» Task details
Copy out the data below from the line containing "This period is" to the line containing "Then you subtract", both lines included, with all images left out.

(Source data begins)

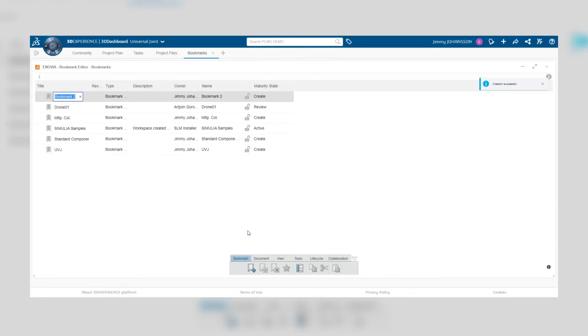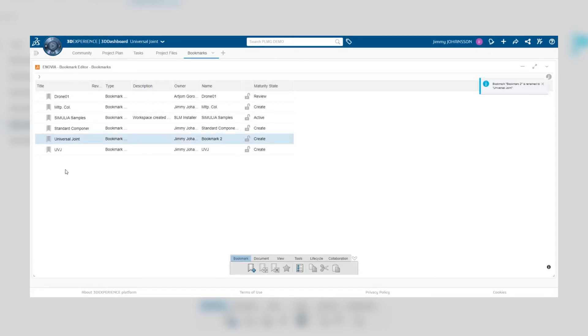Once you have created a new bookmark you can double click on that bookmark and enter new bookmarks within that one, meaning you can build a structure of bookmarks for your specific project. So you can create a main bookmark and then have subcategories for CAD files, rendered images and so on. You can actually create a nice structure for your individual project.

(Source data ends)
(Source data begins)

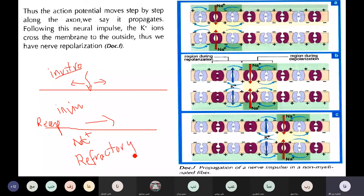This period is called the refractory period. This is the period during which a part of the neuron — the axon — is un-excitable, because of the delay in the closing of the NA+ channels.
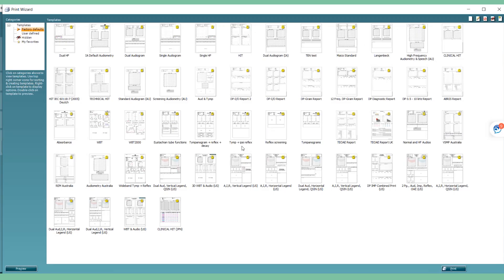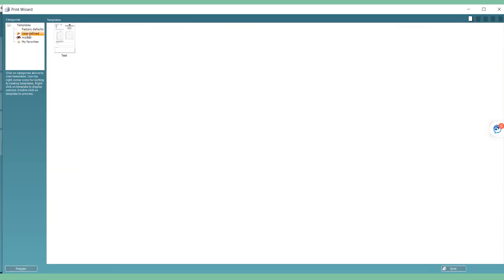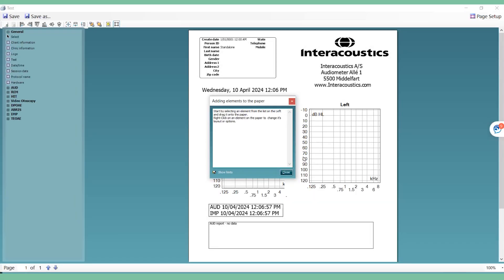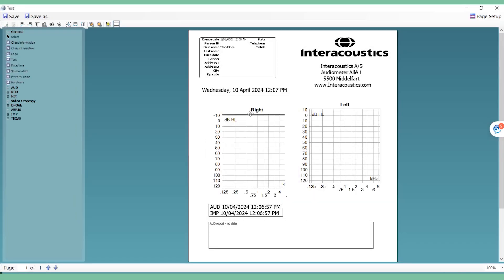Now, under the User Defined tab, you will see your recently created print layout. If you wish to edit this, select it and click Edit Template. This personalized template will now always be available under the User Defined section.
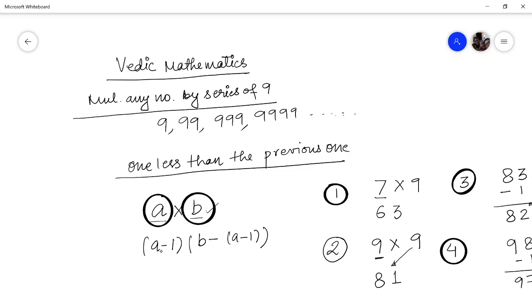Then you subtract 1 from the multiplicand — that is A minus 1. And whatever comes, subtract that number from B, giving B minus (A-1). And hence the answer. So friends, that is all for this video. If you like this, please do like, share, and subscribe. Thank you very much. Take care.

(Source data ends)
(Source data begins)

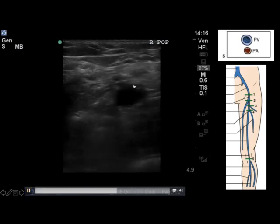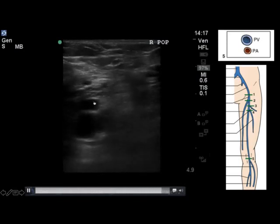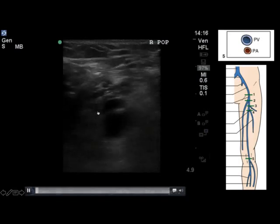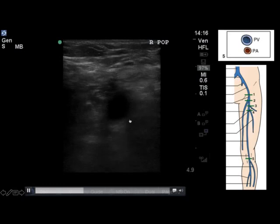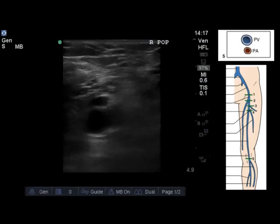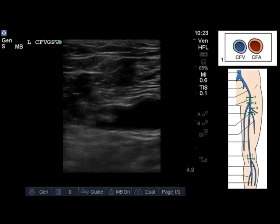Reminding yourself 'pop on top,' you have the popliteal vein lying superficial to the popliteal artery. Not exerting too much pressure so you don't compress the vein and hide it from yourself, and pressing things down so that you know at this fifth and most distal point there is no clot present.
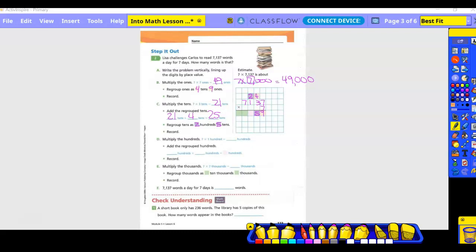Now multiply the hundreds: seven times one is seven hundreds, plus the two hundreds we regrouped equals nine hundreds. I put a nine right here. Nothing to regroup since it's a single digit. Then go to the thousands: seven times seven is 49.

(Source data ends)

» The answer
This period is called the refractory period. This is the period during which a part of the neuron — the axon — is un-excitable, because of the delay in the closing of the NA+ channels.
Now, under the User Defined tab, you will see your recently created print layout. If you wish to edit this, select it and click Edit Template. This personalized template will now always be available under the User Defined section.
Then you subtract 1 from the multiplicand — that is A minus 1. And whatever comes, subtract that number from B, giving B minus (A-1). And hence the answer. So friends, that is all for this video. If you like this, please do like, share, and subscribe. Thank you very much. Take care.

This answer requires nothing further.